Deborah’s argument is, as I noted at the outset, more fundamental: She objects that in suggesting a preventive detention apparatus of any kind, I would “let the disaster that is Guantanamo Bay set the standard for U.S. detention policy going forward.” My sympathy for this objection would be greater if I could muster the remotest confidence that an alternative really exists. I have, alas, no such confidence either with respect to the current detainee population at Gitmo or with respect to future captures of people against whom warrants are neither extant nor plausibly imminent. Nobody knows exactly how many current detainees are both too dangerous to set free and, for one reason or another, not amenable to trial. Without access to large volumes of classified information neither Deborah nor I has seen, we can only guess. For my part, I suspect that the number is pretty substantial. But one of the reasons I believe the legislation I support should wait for the next administration is that the Bush administration has zero credibility to make the case for this crucial proposition.
So let’s game out what happens in January if, say, Barack Obama wins the election. If his new administration comes in and declares that it believes that the United States can satisfy its baseline security interests by prosecuting those detainees against whom it can prove crimes, sending the rest home, and eschewing any preventive detention for non-battlefield captures or transfers in the future, I’ll concede that I jumped the gun in Law and the Long War and presupposed the necessity of a detention scheme that a reasonable executive branch turned out not to need. And Deborah, I will be so thrilled to be wrong that with joy in my heart, I would buy you lunch at a restaurant of your choice when you come to Washington in deserved intellectual and moral triumph over my panic.

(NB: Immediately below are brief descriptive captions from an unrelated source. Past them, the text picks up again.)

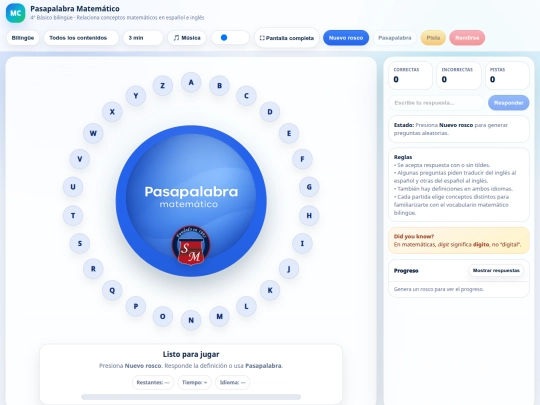 Pasapalabrabilingue screenshot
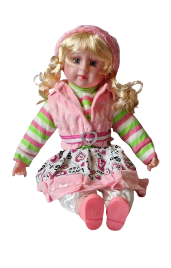 Интерактивна кукла Мелиса пееща и говореща на български език pink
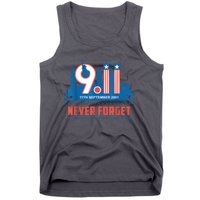 Never Forget September 11 2001 Memorial Day American Flag Tank Top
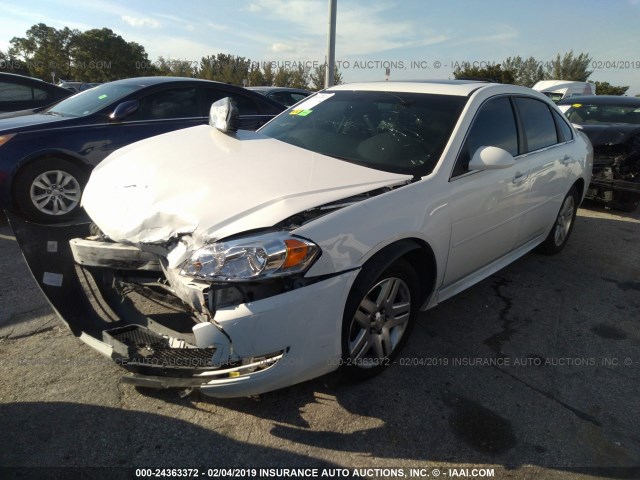 2G1WB5E30E1178872 - 2014 CHEVROLET IMPALA LIMITED LT WHITE photo 2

But what if Obama comes into office and, like Marty and I, takes the position that—under one legal rubric or another—the executive needs some authority to detain al-Qaida people outside of the four corners of the criminal justice system? What if he declares that, as I suspect, about 100 to 125 people at Gitmo cannot plausibly face indictment but are too damn scary to send home and that, as president, he cannot assume the risk to American interests and civilians that they pose if set free? What if he comes in and declares that senior al-Qaida figures and major operatives—alleged 9/11 conspirator Mohammed Al-Khatani, for example—could never be tried in federal court or even military commissions because of the ugly circumstances of their interrogations, the interrogations of others, or more innocent deficiencies in certain evidence against them?
If you respond to this scenario by insisting upon the release of such people anyway and insisting in addition on not detaining such people in the future, then there is an unbridgeable divide between us. If, however, your answer to these questions is that you would, under those circumstances, be willing to contemplate the sort of regime I am talking about, I am happy to wait until January and let the facts be our guide.